Ob das Verteidigungsministerium indes auch auf die Unterstützung des Vorsitzenden der Bonner Zivilkammer, Heinz Sonnenberger, rechnen kann, ist ungewiss. Einerseits hat der Richter schon einmal gegen die zivilen Opfer eines fatalen Bombardements entschieden: Ende 2003 erklärte Sonnenberger, dass den Betroffenen des Nato-Luftangriffs auf eine Brücke in der serbischen Kleinstadt Varvarin kein Schadensersatz zustehe; die Attacke vom 30. Mai 1999 hatte zehn Tote und 30 zum Teil schwer Verletzte gefordert. Entschädigungsleistungen seien grundsätzlich nur zwischen Staaten möglich, denn »weder die Genfer Konvention noch deren Zusatzprotokolle« stellten »ein Verfahren zur Verfügung, das dem Einzelnen die Durchsetzung etwaiger individu­eller Ansprüche ermöglichen würde«, hieß es in der Urteilsbegründung.
Auf genau diese Zusatzprotokolle, die den Schutz von Zivilisten vor Kriegshandlungen regeln, aber berufen sich nun die Anwälte der Opfer des Massakers von Kunduz. Andererseits legt Sonnenberger nach eigenem Bekunden Wert darauf, zwischen den Fällen »Varvarin« und »Kunduz« zu differenzieren: »Bei dem Angriff auf die Brücke in Varvarin hat zwischen Deutschland und dem ehemaligen Jugoslawien ein Krieg geherrscht. Dass das Bombardement von Kunduz eine Kriegshandlung gegen einen fremden Staat war, kann man dagegen so einfach nicht sagen.

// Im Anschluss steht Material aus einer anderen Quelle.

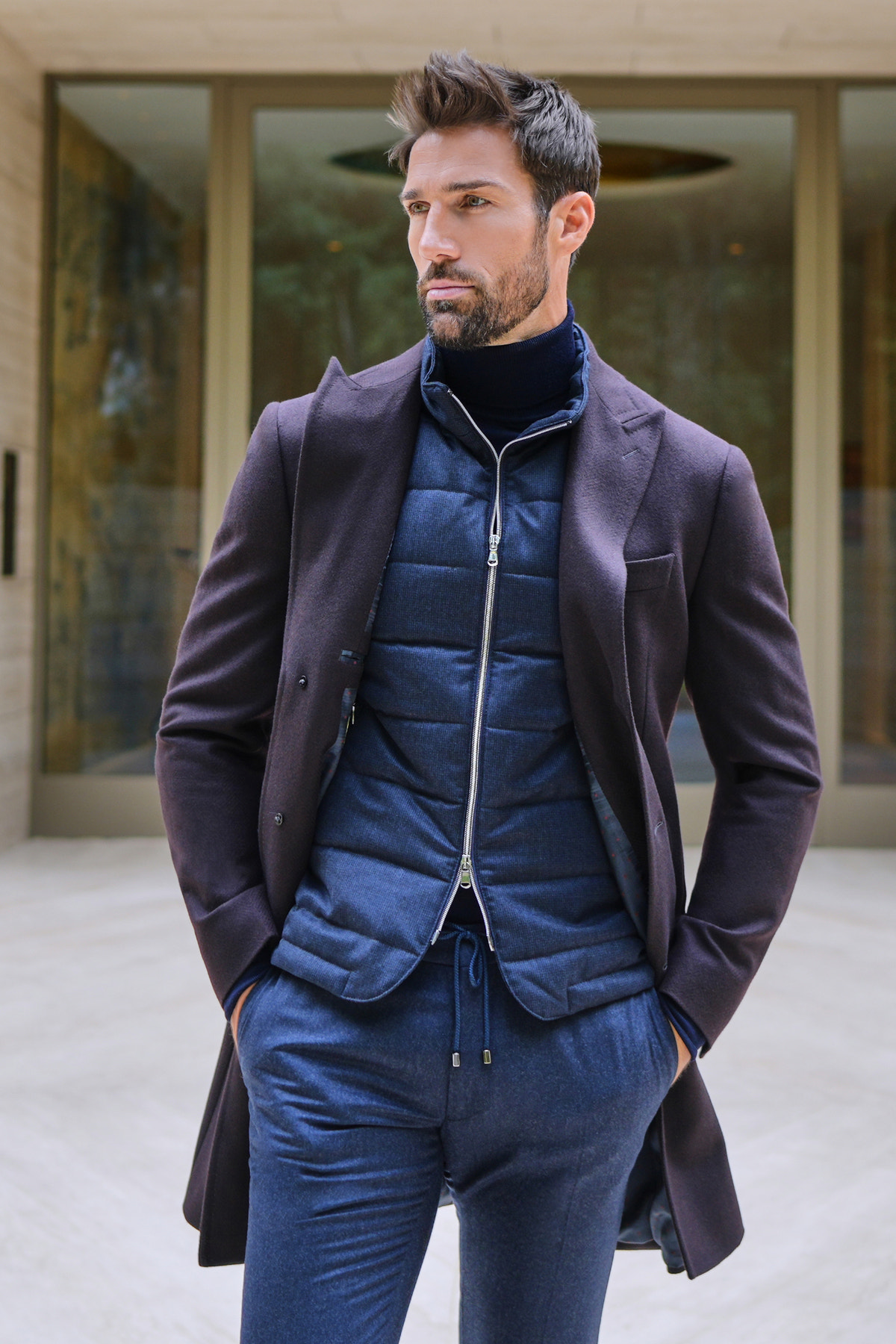 Consiglieri: navy quilted zip-front gilet beneath a dark overcoat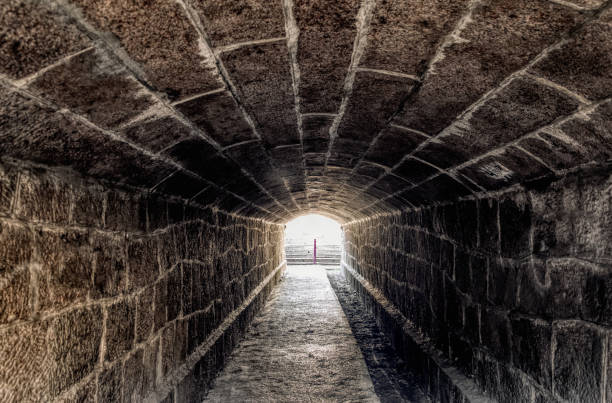 istock Old creepy underground stone tunnel. Halloween Locations 1188283965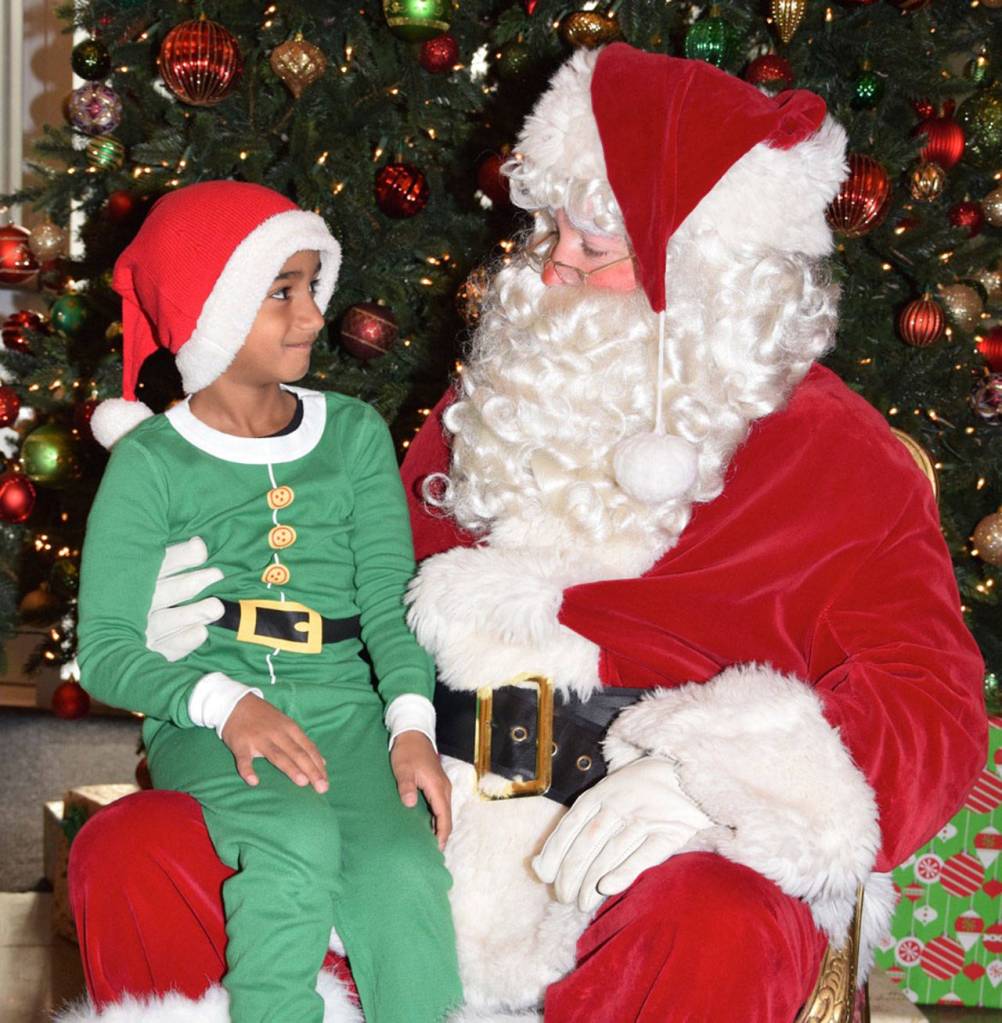 Aarav Pillay, 6, tells Santa what he wants for Christmas. RACHEL CIAMPI, Auburn Reporter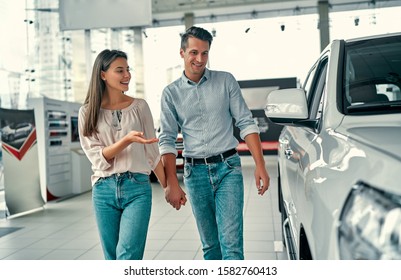 Happy Beautiful Couple Is Choosing A New Car At Dealership.
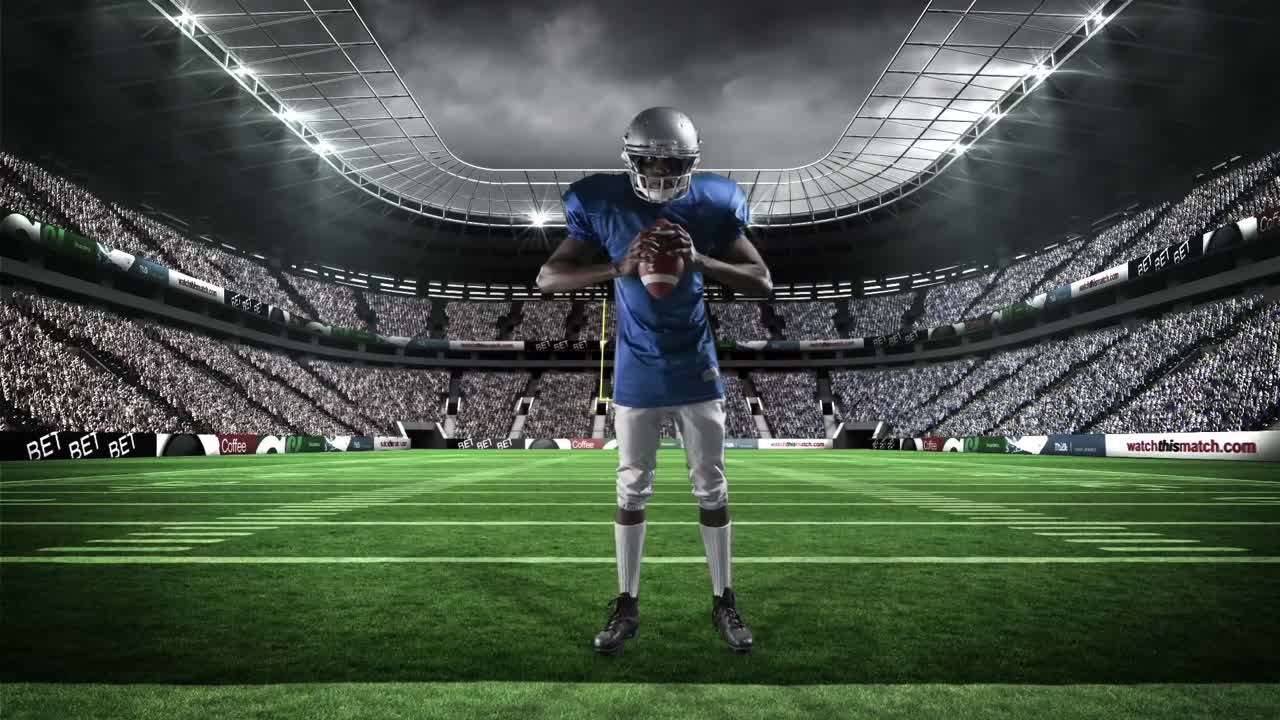 American football player holding ball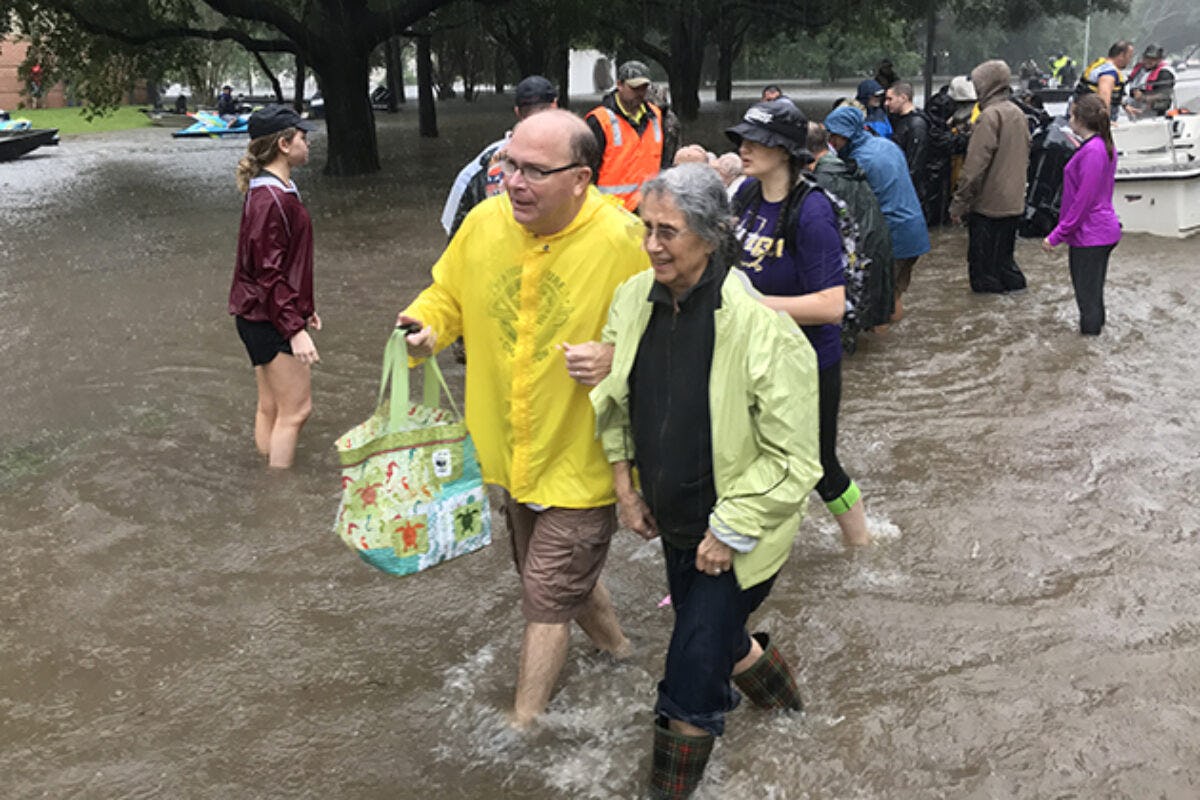 An older man in a yellow rain coat holds the arm of an older woman, right, as they wade through ankle-deep flood waters during Hurricane Harvey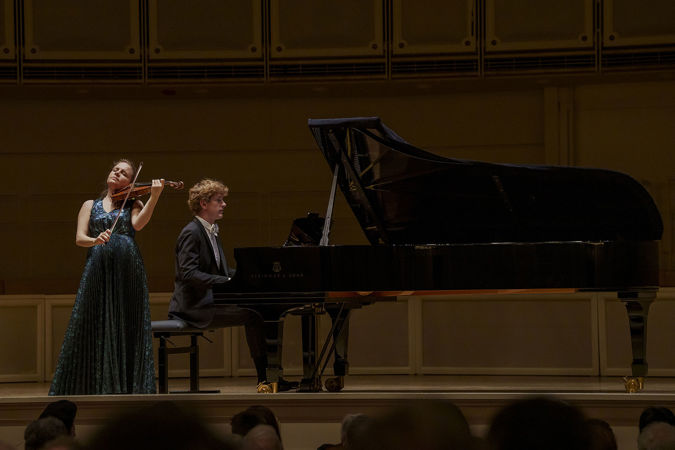 Violinist Julia Fischer and pianist Jan Lisiecki performing on stage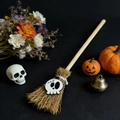 Macro shot of a mini witch broom with a skull pendant on a black Halloween background - Ghost White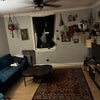 Photo 3: Living room (and goose)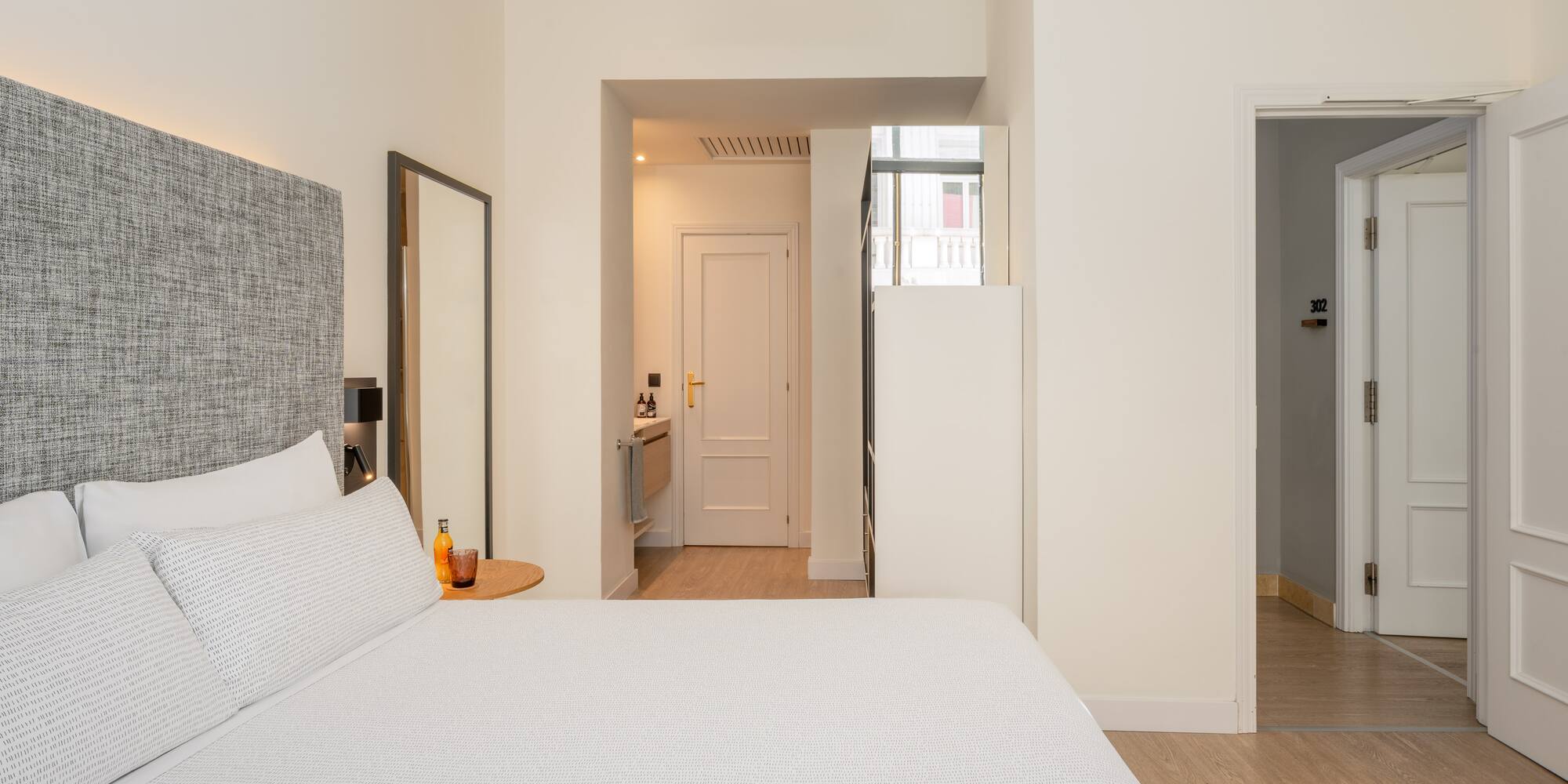 Modern hotel bedroom with white bed, grey headboard, and light wood floor.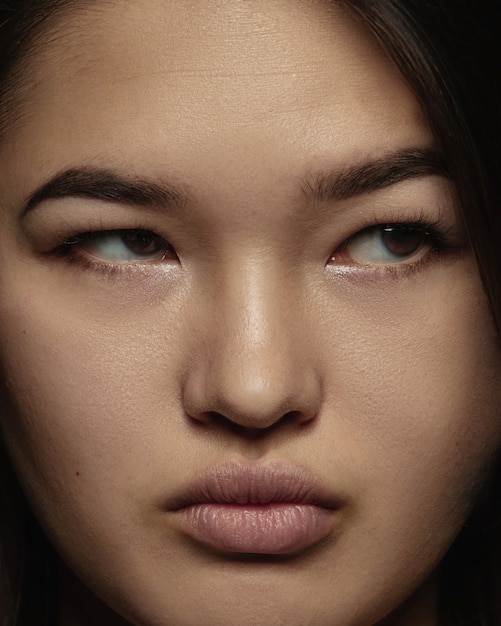 Ciérrese encima del retrato de la mujer china joven y emocional. Photoshot muy detallado de modelo femenino con piel bien cuidada y expresión facial brillante. Concepto de emociones humanas. Grave, mirando de lado.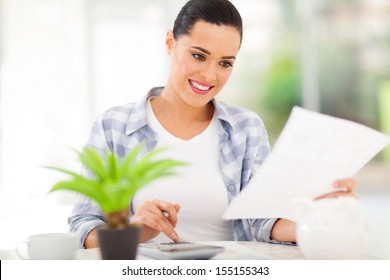 Young Woman Paying Her Bills At Home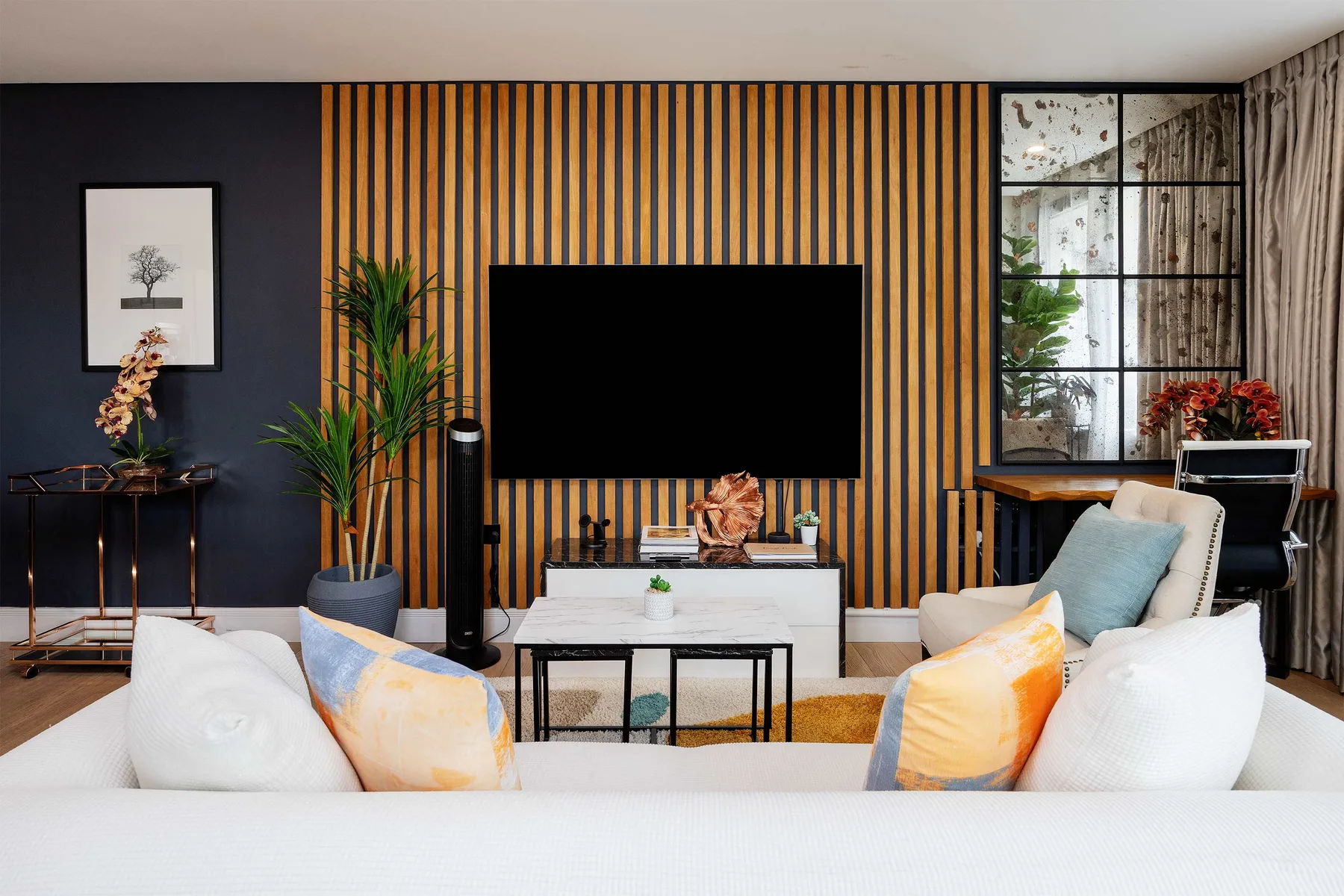 A living room with seating facing a television on a striped accent wall.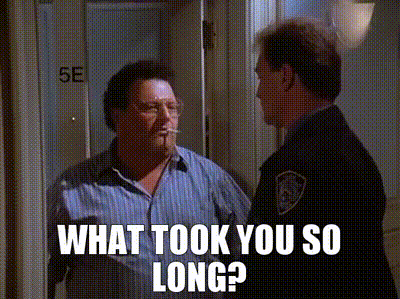 A Man Is Smoking A Cigarette And Talking To A Police Officer In A Doorway . GIF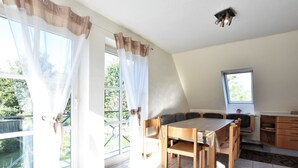 A dining area with a table and chairs, a kitchen with cabinets, and a window with curtains. - 4 Room Holiday Apartment with Garden near Lake (Lebrade)
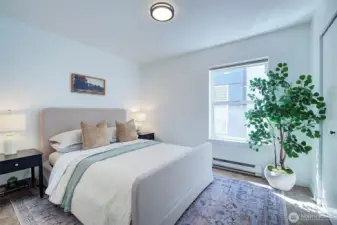 Primary bedroom staged with a queen size bed.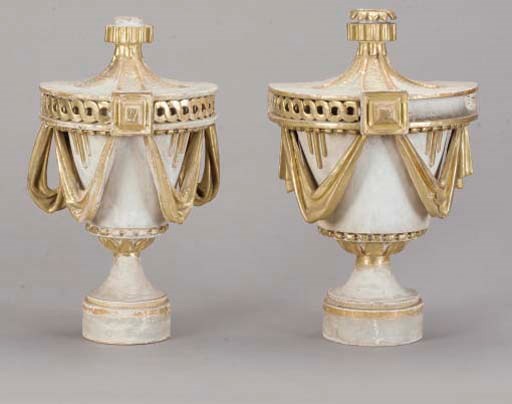 A PAIR OF ITALIAN WHITE-PAINTED AND PARCEL-GILT DECORATED URN FORM FINIALS,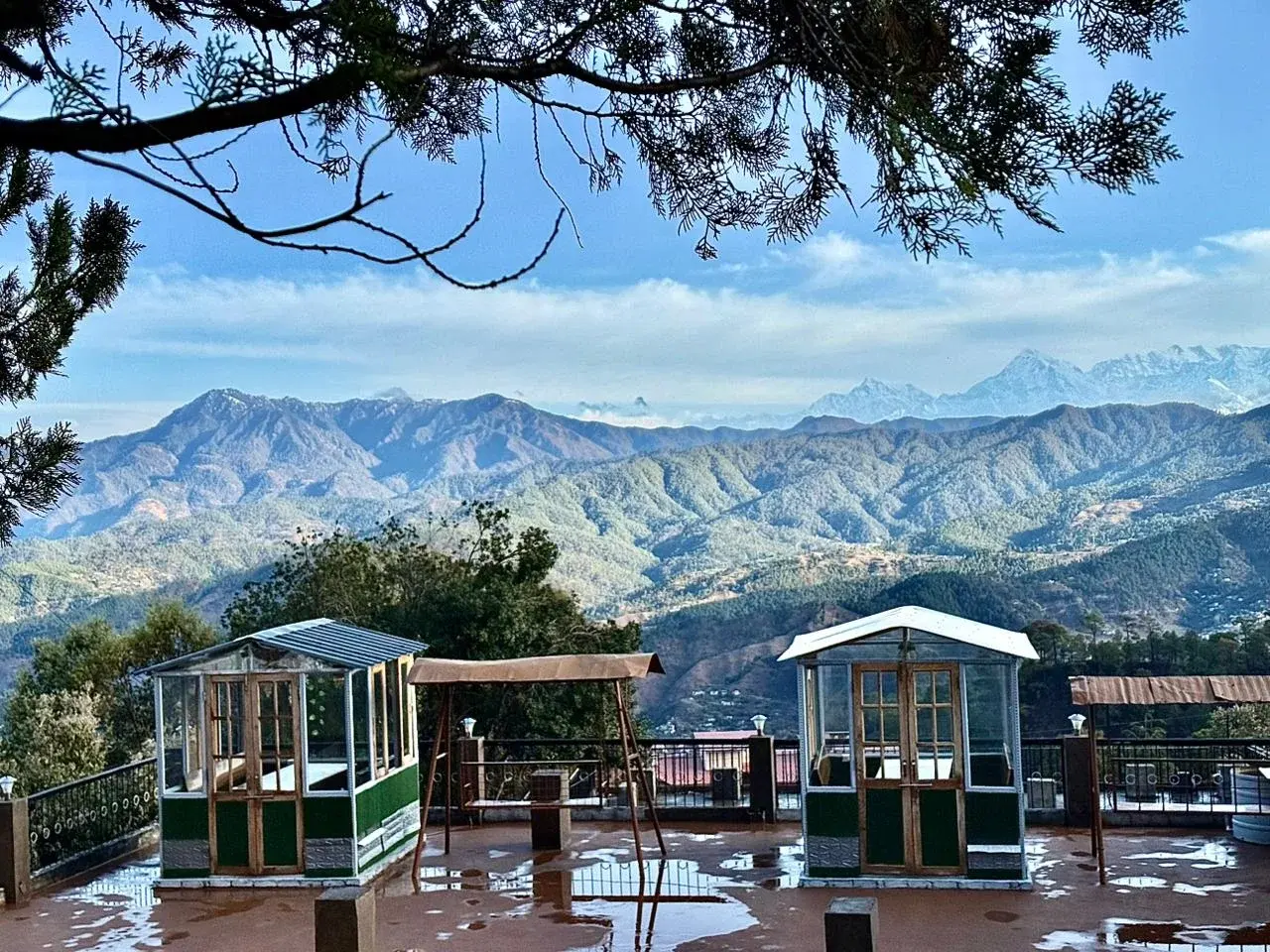 Scenic Himalayan mountain range with green gazebos in the foreground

Deutschland kämpft ja gegen Aufständische – und zwar auf der Seite der afghanischen Regierung.«
Unabhängig davon, wie das Verfahren vor dem Bonner Landgericht letztlich ausgehen wird – ein politisches Zeichen hat das Verteidigungsministerium bereits gesetzt: Es ernannte den für das Massaker von Kunduz verantwortlichen Georg Klein zum »Abteilungsleiter Personalführung Unteroffiziere / Mannschaften« seines neu geschaffenen »Bundesamts für Personalmanagement« und beförderte ihn zum Brigadegeneral.